■ WHAT THIS TASK INVOLVES ■
What needs transcribing is the line with "Kenar Silk Blend" and every line after it to the end of the records, exactly and alone, with no pictures.

(Crawled caption data)
———

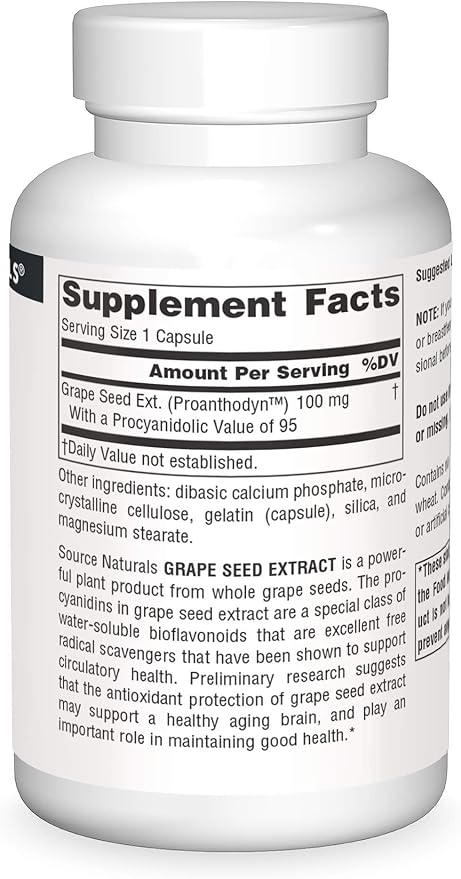 Source Naturals Grape Seed Extract, Proanthodyn 100 mg Antioxidant Protection & Supports Healthy Aging Brain - 120 Capsules
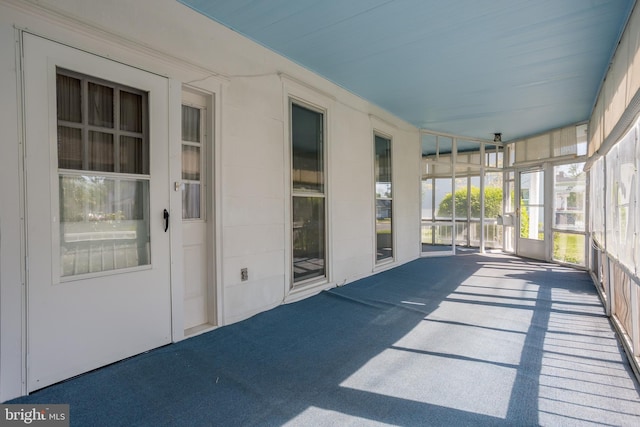 view of unfurnished sunroom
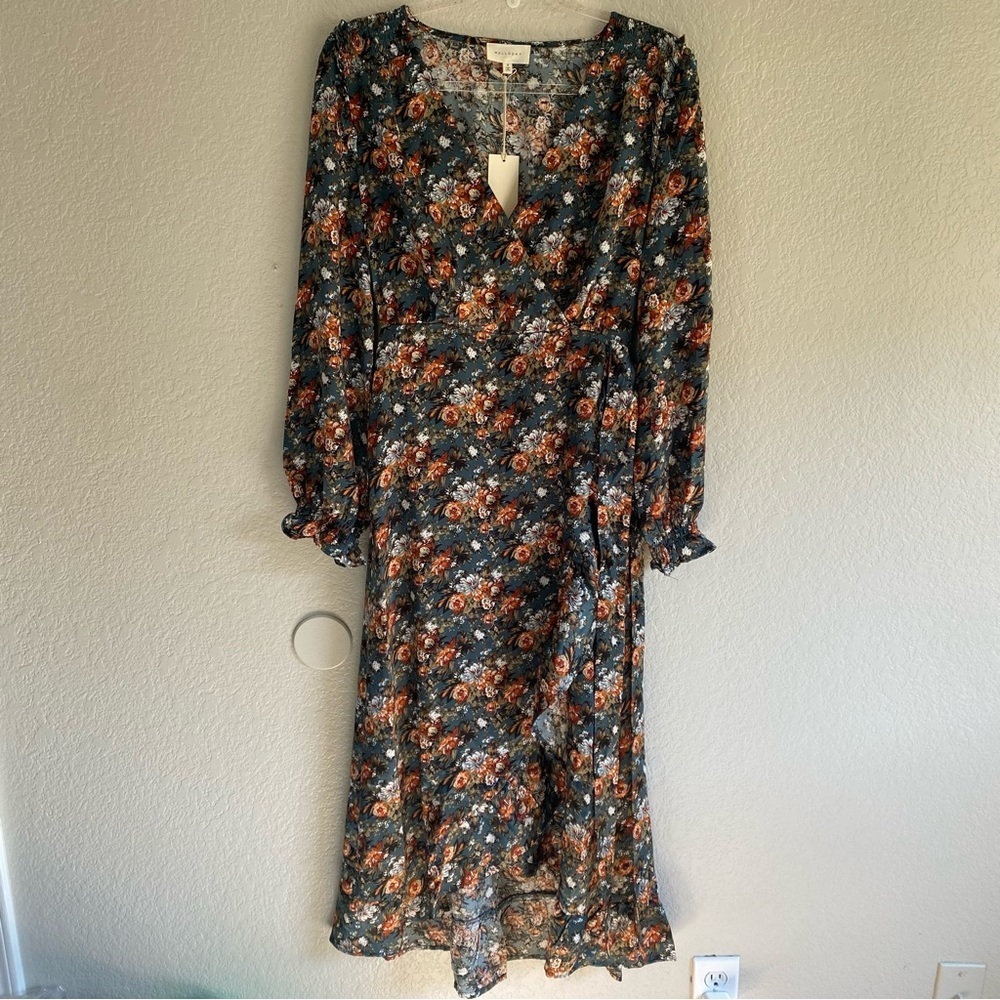 MELLODAY Faux Wrap Midi Dress Floral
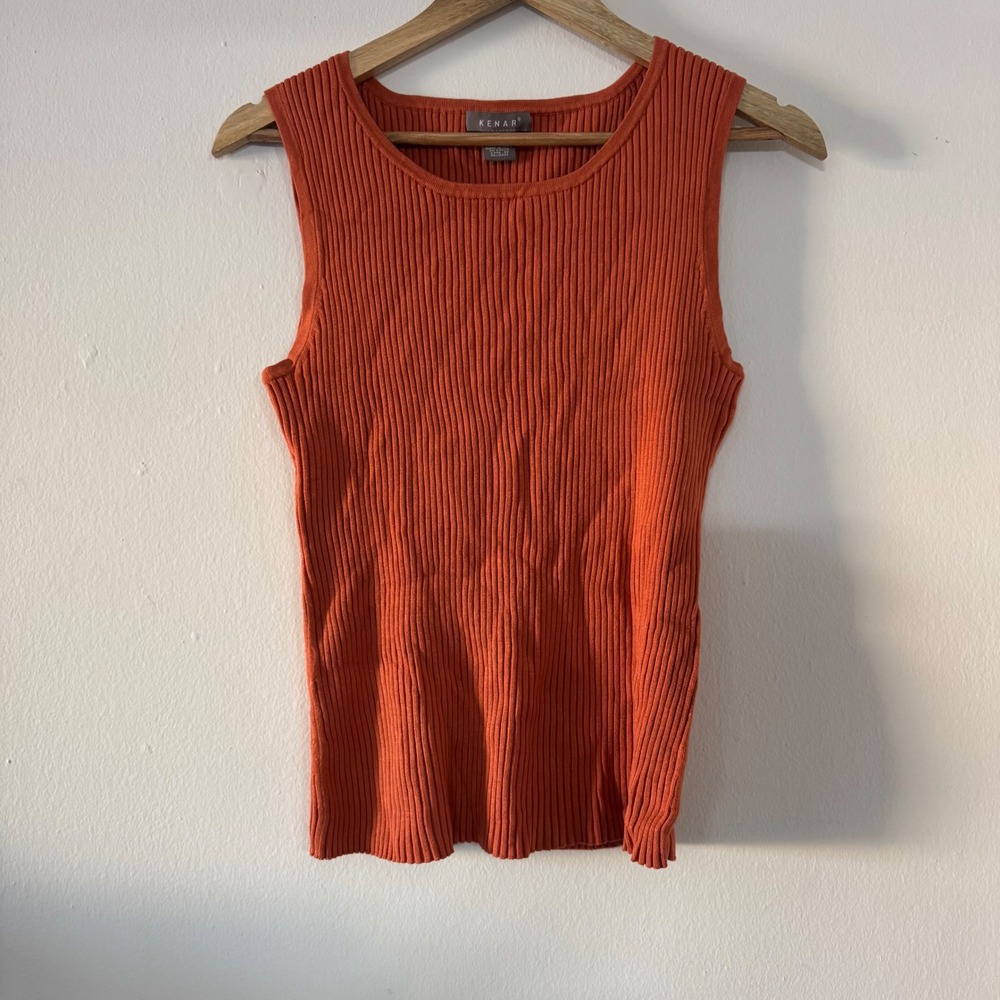 Kenar Silk Blend Womens Ribbed Knit Tank Top Burnt Orange XL Minimalist Capsule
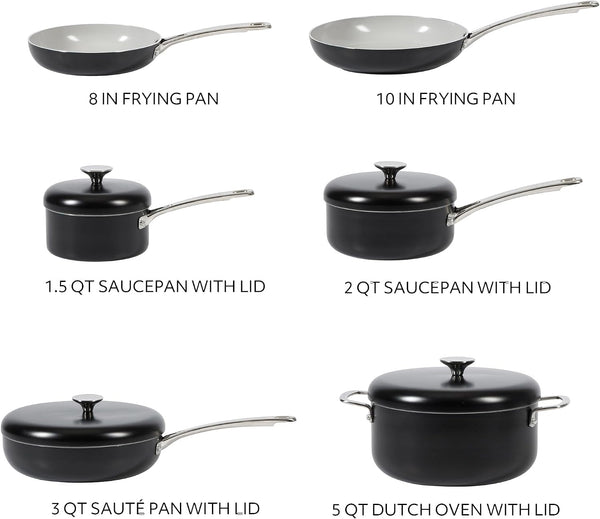 Sur La Table Kitchen Essentials Potluck Porch 10 Piece PFA Free Ceramic Non Stick Interior Forged Aluminum Cookware Pots and Pans Set W/Aluminum Lids - Black - Induction Compatible3
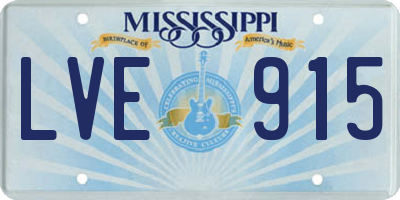 MS license plate LVE915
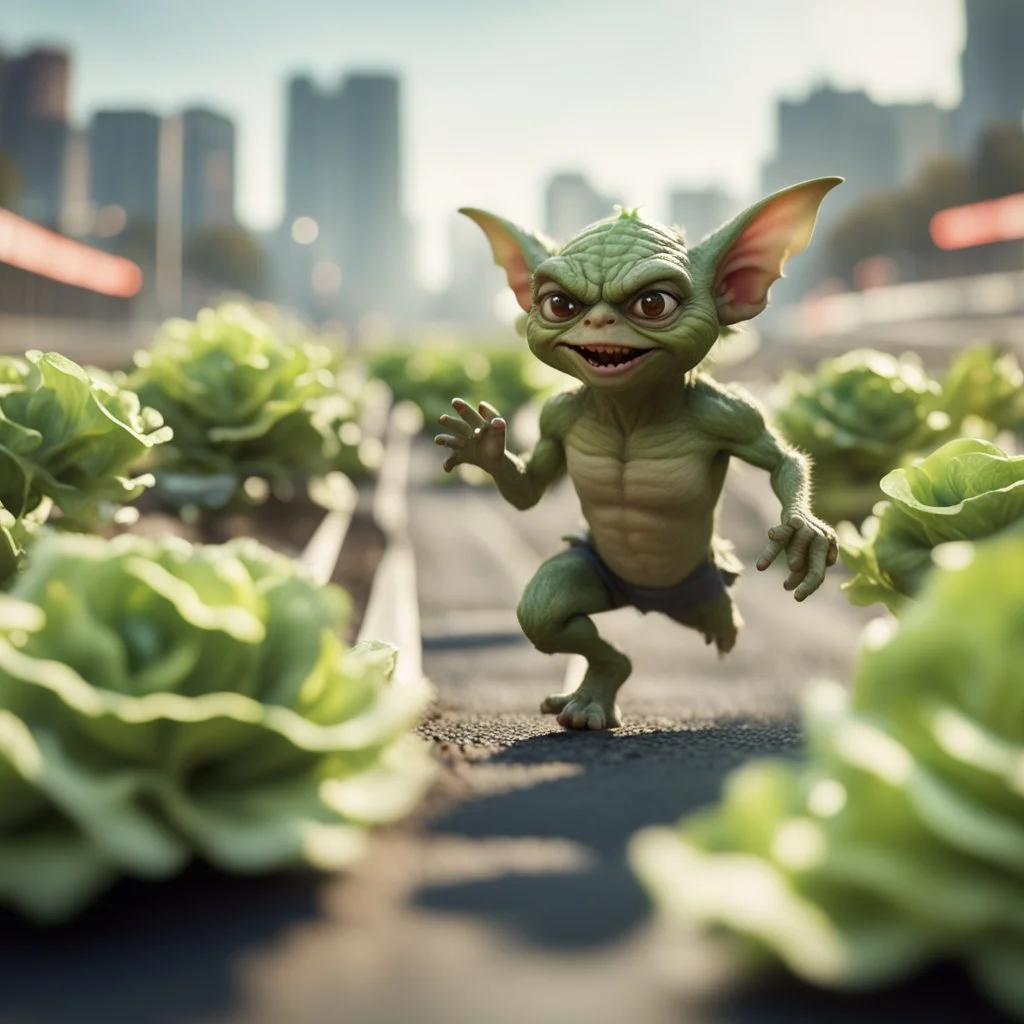 gremlins in 100 m championship on freeway running on lettuce cabbage, in the style of a fallout 4,bokeh like f/0.8, tilt-shift lens 8k, high detail, smooth render, down-light, unreal engine, prize winning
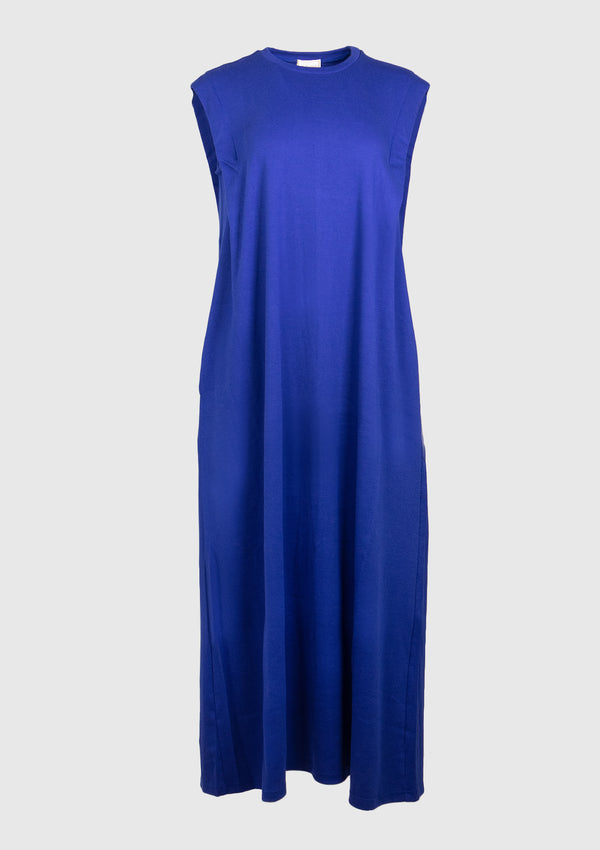 Pleat-Shoulder Sleeveless Maxi Dress in Blue
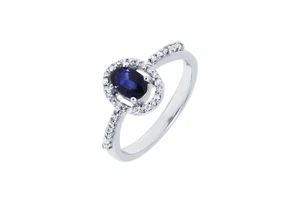 ANELO DIAMANTI E ZAFFIRO - ORO BIANCO 9 KT - DIAMANTI 0,19 CT E ZAFFIRO 0,67 CT - Foto 1 di 3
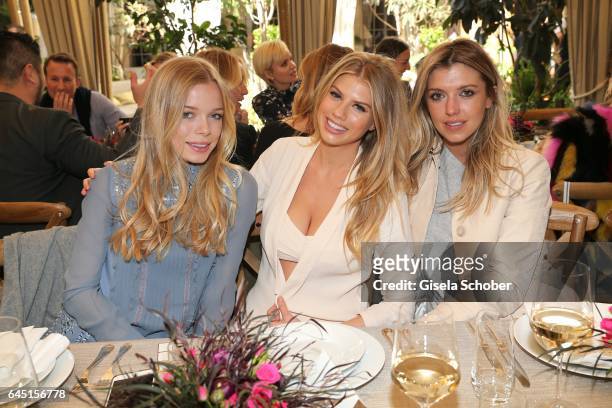Charly Sturm, Charlotte McKinney and Caitlin Chapman during the Net-A-Porter lunch at hotel Chateau Marmont on February 24, 2017 in Los Angeles,...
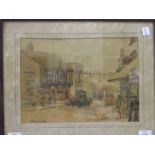 W J Stewart Sutton, 'Street scene in Plymouth showing The Oporto Public House', signed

———

■ YOUR RESPONSE ■
 Kenar Silk Blend Womens Ribbed Knit Tank Top Burnt Orange XL Minimalist Capsule
 Sur La Table Kitchen Essentials Potluck Porch 10 Piece PFA Free Ceramic Non Stick Interior Forged Aluminum Cookware Pots and Pans Set W/Aluminum Lids - Black - Induction Compatible3
 MS license plate LVE915
 gremlins in 100 m championship on freeway running on lettuce cabbage, in the style of a fallout 4,bokeh like f/0.8, tilt-shift lens 8k, high detail, smooth render, down-light, unreal engine, prize winning
 Pleat-Shoulder Sleeveless Maxi Dress in Blue
 ANELO DIAMANTI E ZAFFIRO - ORO BIANCO 9 KT - DIAMANTI 0,19 CT E ZAFFIRO 0,67 CT - Foto 1 di 3
Charly Sturm, Charlotte McKinney and Caitlin Chapman during the Net-A-Porter lunch at hotel Chateau Marmont on February 24, 2017 in Los Angeles,...
 W J Stewart Sutton, 'Street scene in Plymouth showing The Oporto Public House', signed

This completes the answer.